CLOSING BELL

The world’s oldest bitcoin exchange is shutting down in China

Obsession
Future of Finance
Obsession
Future of Finance

Shanghai-based BTCC said it would halt trading on its domestic cryptocurrency exchange by Sept. 30, in response to tighter control over trading crypto tokens by China’s central bank. This followed a report from local media (in Chinese) saying that the exchange had received a verbal notice to halt trading from Shanghai’s financial regulator.

BTCC said on Twitter that it was closing its domestic exchange, which operates at BTCChina.com, in response to a Sept. 4 notice from China’s central bank that forbade trading in cryptographic tokens issued through “initial coin offerings.” The exchange had traded a token called ICOCoin, which was started by a BTCC co-founder. The regulatory notice did not explicitly ban trading in digital currencies such as bitcoin and ether—but BTCC will shut down its trading of such currencies for Chinese customers as well.

The firm said in a notice on its website it would stop registering new users on BTCChina today, and that all trading there would halt by Sept. 30. It said its other businesses, which include a mining pool it operates, and an exchange that doesn’t deal with Chinese customers, were unaffected.

The two other major Chinese exchanges, Huobi and OKCoin, continue to operate as normal.
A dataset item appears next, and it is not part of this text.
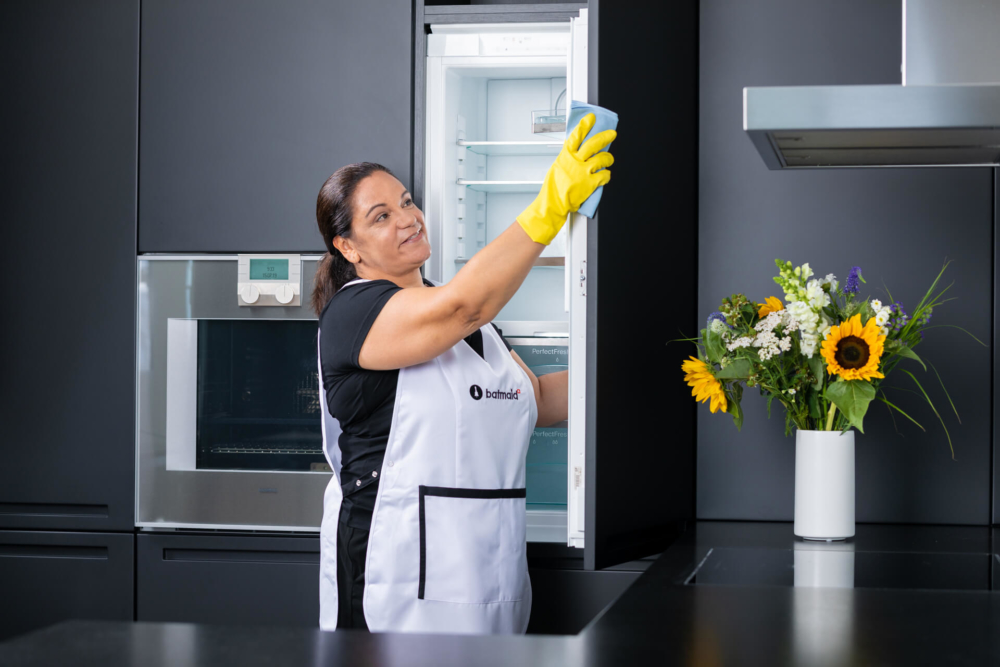Une femme vêtue d'un tablier blanc et de gants jaunes nettoie un réfrigérateur dans une cuisine moderne, avec des tournesols à proximité.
Both exchanges told Quartz they had not received any new directives from regulators.

BTCC, founded in 2011, assumed the mantle of the world’s oldest bitcoin exchange after the collapse of Mt. Gox in 2014. It was originally known as BTC China, and in the aftermath of Mt. Gox’s collapse, it also became the biggest bitcoin exchange in the world by trading volume. Its Chinese rivals eclipsed it over time, fueled by a business model that allowed users to trade for free, although BTCC remained a major player. This fee-free model also pushed China’s trading volumes to grow to over 90% of the global market.

Trade volumes in China today are an important, but much smaller part of the global bitcoin markets. Trade in Chinese yuan accounted for 12% of all trading on global exchanges, compared to 36% for the US dollar and 40% in Japanese yen over the last 30 days, according to data platform Crypto Compare. Volume on Japanese exchanges is also likely inflated by the fee-free model they adopted from their Chinese counterparts.